She jerked her thumb downstairs.
"There's stuff going on down in the lobby. Candles being lit and stuff."
no subject
As she moved the conversation on he was finally able to make out some of her basic facial features.
"You make it sound like a seance of some sort."
He paused and peered at her face for a moment before glancing down the stairs, which looked more like a bottomless pit in this lighting.
"Have they explained what has happened yet?"
no subject
"... Well, I always DID think the staff here seemed rather unholy and ghostlike. Now we know where they get their powers."

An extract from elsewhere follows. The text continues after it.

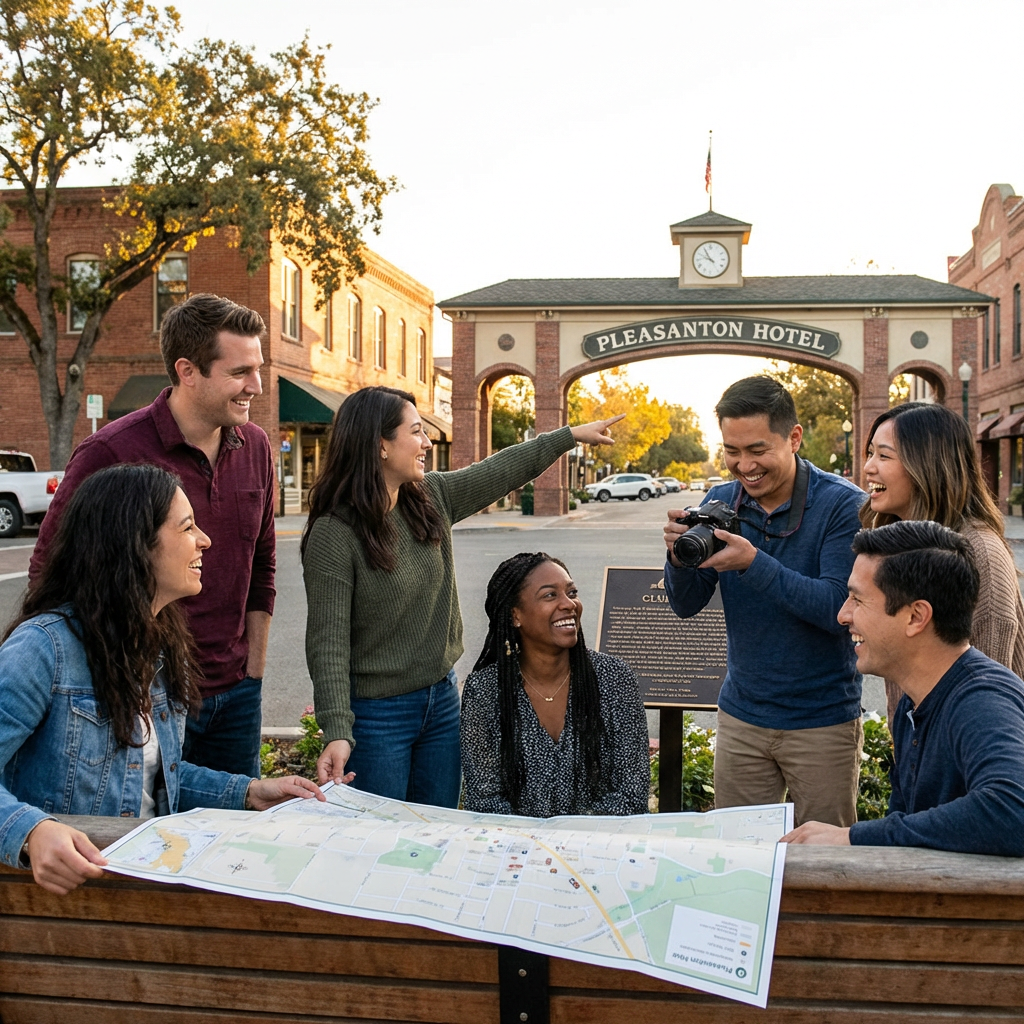 🌟 Discover the Heart of Team Building in Pleasanton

She jerked her thumb over her shoulder down the blackened stairwell.
"But no, seriously, the power just totally went out. Probably 'cause of the storm."
no subject
That may have been a little over indulgent in the sarcasm department, but the stinging in his nose was making him irritable.
no subject
Even in the darkness, you can FEEL the dullness of her stare.

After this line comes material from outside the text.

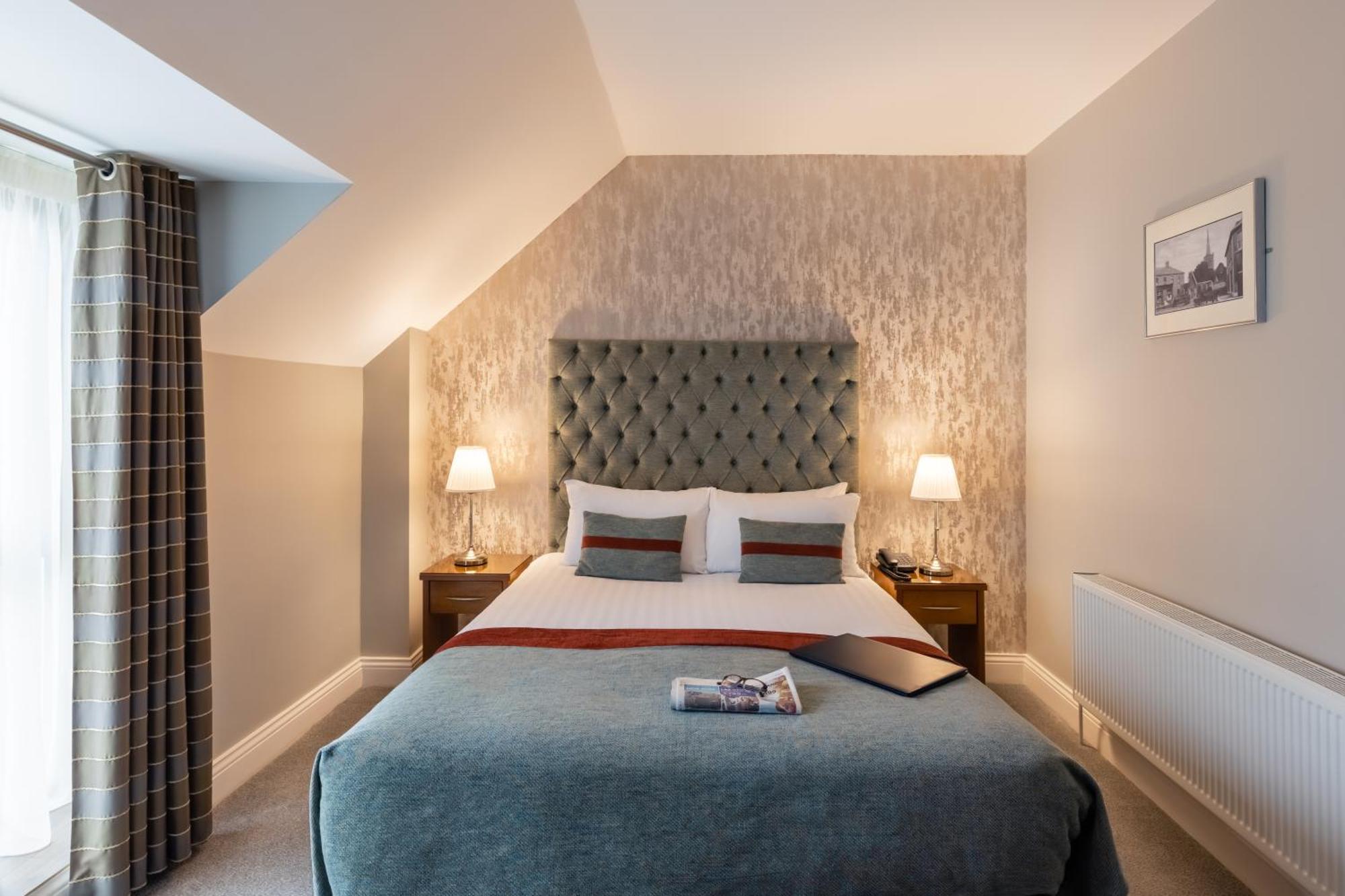 Raheen Woods Hotel Athenry Extérieur photo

"... Pardon me. The storm must have caused something to happen that IN TURN, caused the power to go out."
no subject
"Well, at least I can see where I'm going to some degree." As he moved to step past her and head down the stairs he was (partially) ashamed to admit to himself that even he wasn't immune to bouts of childish behavior. "Though, I'm sad to say I still can't quite make out that wonderful speckled pattern that graces your features."
With that, he started down the stairs at a somewhat reckless brisk pace for someone with impaired vision, fearing her retaliation and not doubting her lack of aversion to physical violence.
no subject
"HEY. Watch it. The security cameras are out. I could throw you down the stairs if I wanted and nobody would ever know."

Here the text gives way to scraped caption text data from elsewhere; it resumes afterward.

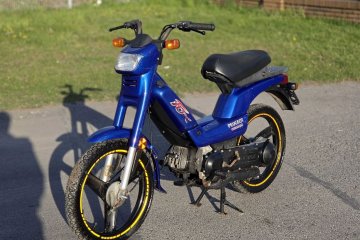 motorower Peugeot FOX 50 2T  ( romet komar) automat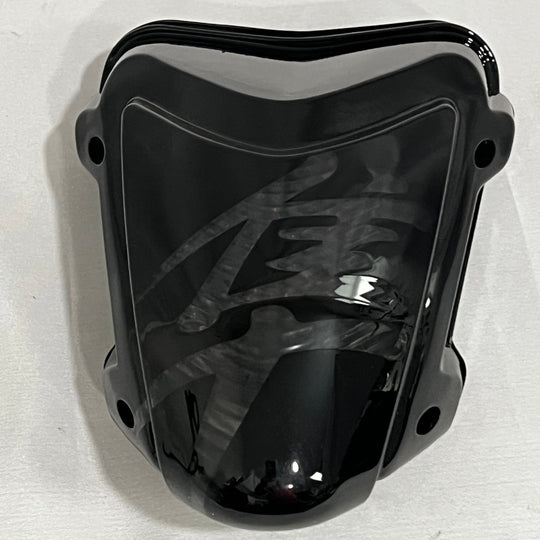 Suzuki Hayabusa Kanji Logo LED Integrated Taillight Smoked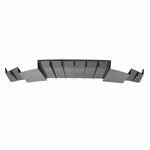 Load image into Gallery viewer, Seibon Carbon fiber rear diffuser for 2018-2021 Subaru WRX / STi - image 2
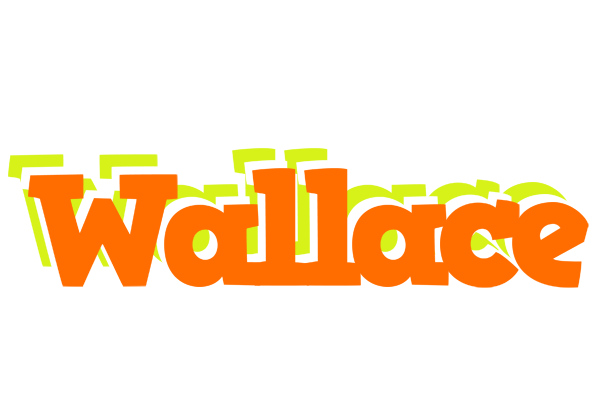 Wallace healthy logo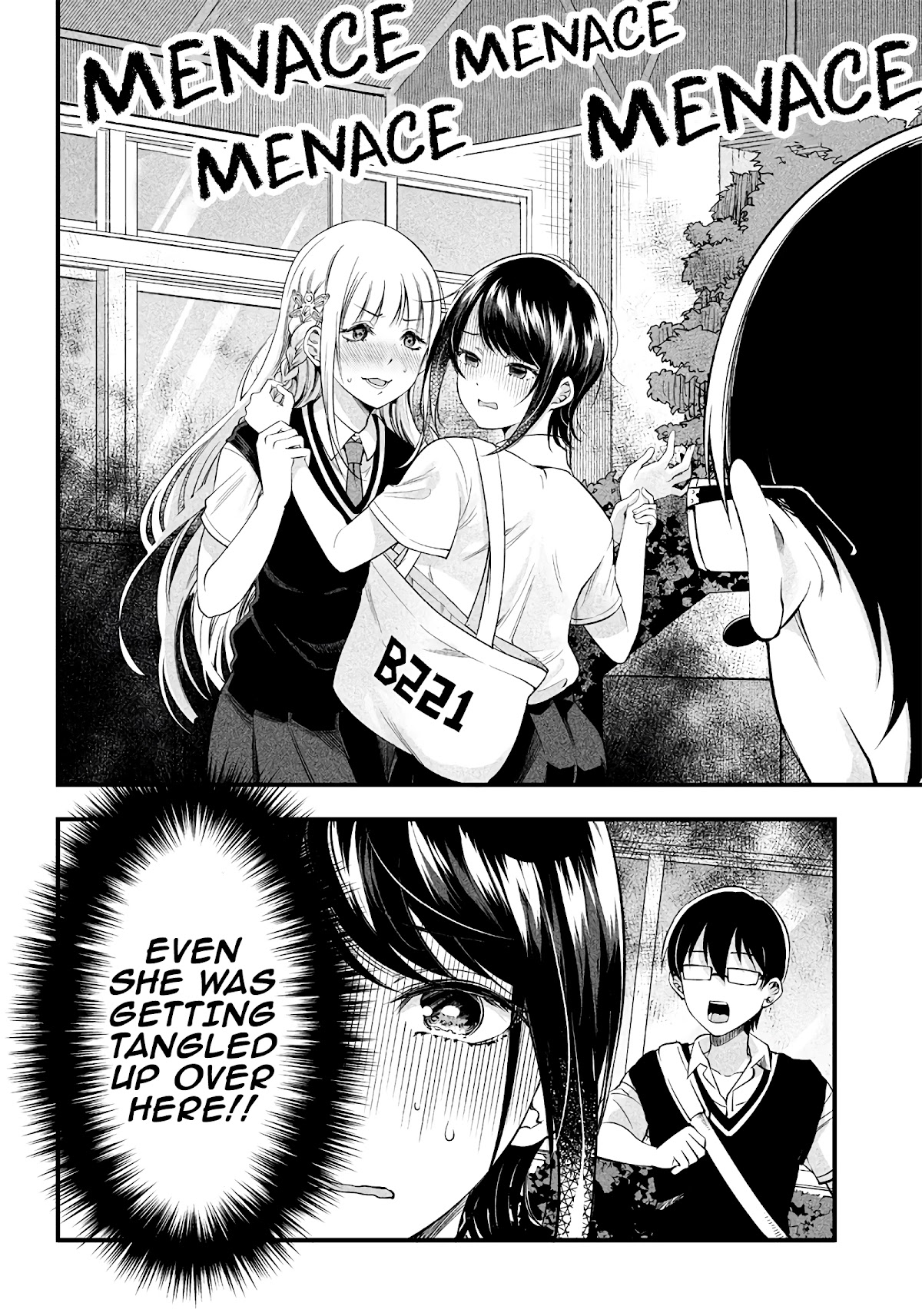 Yuzukawa-San Wa, Sasshite Hoshii. - Chapter 12: Was It A Good Idea To Cover Her Breasts?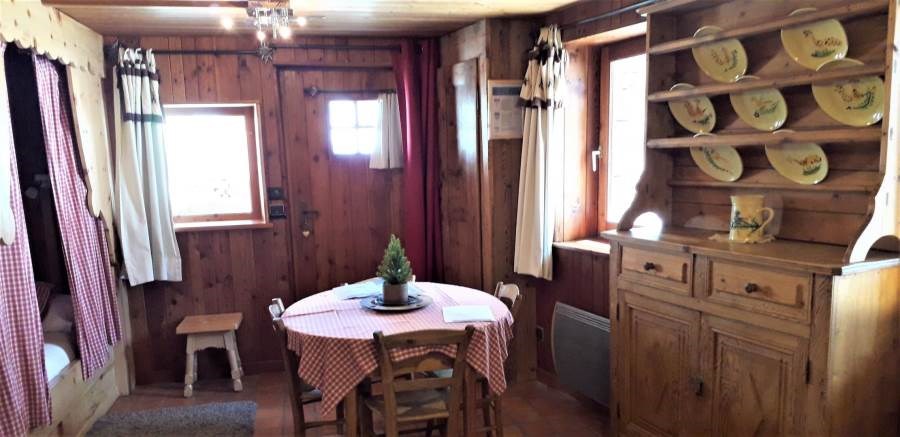 Gîtes de France N°73G47182 (LES ABEILLOS - LES CROES)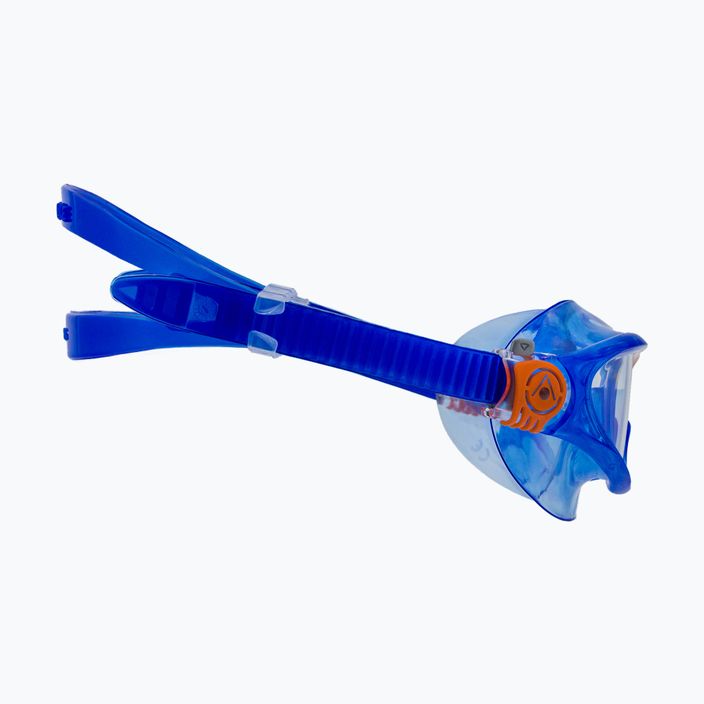 Aqua Sphere Vista gyermek úszómaszk kék MS5084008LC 3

She even reached out as he passed to smack him upside the head, but thankfully in the darkness, she missed. YOU'RE LUCKY THIS TIME, ARTY.
no subject
He tries to keep just out of arms reach as he blunders down the stairs, but it's hard to gage where 'arms length' is when you can just about make out the said arms general shape.
It seemed the darkness had hidden away his self-preservation, as he was still talking.
Well, it was still fun. Might as well make the most of the situation.
"Come now, you know I think that peppering across your nose in one of your best features."
no subject
Heather growled.
And judging by the thumping noises on the stairs behind him, she was in hasty pursuit.
"I'm gonna sandpaper your face off!"
no subject
He did his best to keep his feet moving in this awkward manner down the stairs, though he should probably stop now and focus on apologizing, considering she's most likely alot more physically apt than he is and obviously will end up catching him, then do lord knows what to him.
But then again, she did keep calling him 'Arty'.
"Now, that's a bit violent, whyever would you want to do that?"
You can practically hear the smirk in his voice, and as you get closer to the minimal light downstairs, you can sort of see it too.
no subject
You bet she's gonna wind up catching him. And he MAY JUST NOT LIKE the consequences. Heather was a vengeful creature.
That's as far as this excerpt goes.